In the example, ObjectName refers to a Python object available in the current runtime.

lir.registry.get(name: str, default_config_parser: Callable[[Any], ConfigParser] | None = None, search_path: list[str] | None = None) → ConfigParser: Retrieve corresponding value for a given key name from the central registry.

lir.registry.registry() → ConfigParserLoader: Provide access to a centralized registry of available configuration options.

lir.util module

class lir.util.Bind

Bases: partial

Wrap partial to support the ellipsis (…) as a placeholder.

Can be used to fix parameters not at the end of the list of parameters (which is a limitation of partial).

class lir.util.LR(lr, p0, p1)

Bases: tuple

lr: Alias for field number 0

p0: Alias for field number 1

p1: Alias for field number 2

lir.util.Xn_to_Xy(*Xn: ndarray) → tuple[ndarray, ndarray]

Convert Xn to Xy format.

Xn is a format where samples are divided into separate variables based on class. Xy is a format where all samples are concatenated, with an equal length variable y indicating class.

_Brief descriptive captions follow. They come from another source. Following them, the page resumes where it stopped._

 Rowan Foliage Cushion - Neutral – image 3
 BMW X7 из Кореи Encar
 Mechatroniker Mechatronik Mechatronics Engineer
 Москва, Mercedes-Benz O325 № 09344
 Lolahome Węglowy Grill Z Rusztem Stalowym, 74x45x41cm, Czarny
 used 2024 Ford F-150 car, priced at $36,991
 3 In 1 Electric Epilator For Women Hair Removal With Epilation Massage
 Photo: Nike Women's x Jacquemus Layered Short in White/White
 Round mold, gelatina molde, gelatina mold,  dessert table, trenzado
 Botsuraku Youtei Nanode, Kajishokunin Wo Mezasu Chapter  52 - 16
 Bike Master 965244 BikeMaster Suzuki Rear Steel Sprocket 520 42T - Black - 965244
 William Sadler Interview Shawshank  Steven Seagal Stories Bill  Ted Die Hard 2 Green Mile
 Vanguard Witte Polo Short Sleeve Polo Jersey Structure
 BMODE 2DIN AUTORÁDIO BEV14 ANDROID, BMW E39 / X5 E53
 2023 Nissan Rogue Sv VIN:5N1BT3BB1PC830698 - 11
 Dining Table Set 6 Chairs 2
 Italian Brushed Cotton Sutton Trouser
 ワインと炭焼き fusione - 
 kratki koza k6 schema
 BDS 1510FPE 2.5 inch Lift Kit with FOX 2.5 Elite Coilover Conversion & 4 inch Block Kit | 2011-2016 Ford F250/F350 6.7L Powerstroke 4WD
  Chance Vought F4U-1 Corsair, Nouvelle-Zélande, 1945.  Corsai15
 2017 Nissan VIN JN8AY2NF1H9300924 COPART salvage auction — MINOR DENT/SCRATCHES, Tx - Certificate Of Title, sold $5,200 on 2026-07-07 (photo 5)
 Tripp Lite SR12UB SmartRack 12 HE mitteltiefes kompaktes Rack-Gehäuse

lir.util.Xy_to_Xn(X: ndarray, y: ndarray, classes: list[int] | None = None) → list[ndarray]

Convert Xy to Xn format.

Xn is a format where samples are divided into separate variables based on class. Xy is a format where all samples are concatenated, with an equal length variable y indicating class.

lir.util.check_type(type_class: type[AnyType], v: Any, message: str | None = None) → AnyType: Check if a given input is of the expected, specified type.

lir.util.get_classes_from_Xy(X: ndarray, y: ndarray, classes: list[Any] | None = None) → ndarray: Get the classification classes from labeled data.

lir.util.ln_to_log10(ln_data: FloatOrArray) → FloatOrArray: Convert natural logarithm to 10-base logarithm.

lir.util.logodds_to_odds(log_odds: FloatOrArray) → FloatOrArray: Convert 10-base logarithm odds to odds.

lir.util.logodds_to_probability(log_odds: FloatOrArray) → FloatOrArray: Convert 10-base logarithm of odds to probability.

lir.util.odds_to_logodds(odds: FloatOrArray) → FloatOrArray: Convert odds to 10-base logarithm odds.

lir.util.odds_to_probability(odds: FloatOrArray) → FloatOrArray

Converts odds to a probability.

Returns:

1 , for odds values of inf
odds / (1 + odds), otherwise

lir.util.probability_to_logodds(p: FloatOrArray) → FloatOrArray: Converts probability values to their log odds with base 10.

lir.util.probability_to_odds(p: FloatOrArray) → FloatOrArray: Converts a probability to odds.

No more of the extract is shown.